AvKare was also entangled in an alleged book-cooking scheme by one of its suppliers, Georgia-based MiMedx, which had an arrangement to sell drugs directly to the VA through one of AvKare’s contracts. According to authorities, the company inflated sales by delivering drugs neither AvKare nor the federal government had ordered. This resulted in a pair of Department of Justice indictments against MiMedx’s top executives last November, and a $1.5 million Security and Exchange Commission penalty. MiMedx has never admitted to any wrongdoing, and AvKare was not accused in either case.
AvMedical wasn’t the only firm headed by a big GOP donor to score a first-time federal contract amid the COVID-19 crisis. Gastonia, North Carolina-based Parkdale Advanced Materials, got a whopping $543 million in orders for personal protective equipment, as first reported in Courthouse News. Parkdale CEO Andy Warlick has given $59,400 just this year to the National Republican Campaign Committee—and another $75,600 to committees affiliated with Rep. Patrick McHenry (R-NC). He also kicked $10,000 to the accounts of Rep. Greg Murphy (R-NC), and $2,800 each to Sen. Thom Tillis (R-NC), Rep. Dan Bishop (R-NC), and Rep. Nancy Mace (R-SC). Warlick also gave $5,000 to the political action committee of Rep. Amerish Bera (D-CA).
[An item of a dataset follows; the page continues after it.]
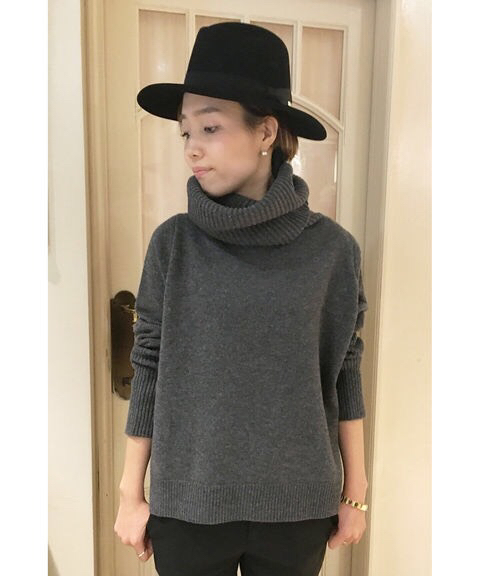 L'Appartement DEUXIEME CLASSE・アパルトモンドゥーズィエムクラス★オフタートルネックポンチョニット グレー　ショッパー付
Another Gastonia firm, Beverly Knits, snagged a $43 million contract to manufacture hospital garb earlier this month. Company founder Robert Sytz has given $8,575 to the National Republican Senatorial Committee since 2018.
The VA maintained that all its vendors go through a standard vetting procedure, and asserted that the pandemic had obliged the agency to do business with many new parties.
“During this time of unprecedented global demand for PPE, VA must cast a wide net in order to ensure that we’re meeting our supply needs,” said spokeswoman Christina Noel.
Brendan M. Fischer, director of the Federal Reform Program at the Campaign Legal Center, said it’s not uncommon for federal contractors to have political action committees or individual members who give money to candidates as the law permits. But he said the Trump administration’s frantic efforts to combat COVID have increased the chances for ethical mishaps.
“The risk seems particularly acute here, with a White House that has prioritized fundraising from wealthy donors and also is very involved in the contracting process,” he said.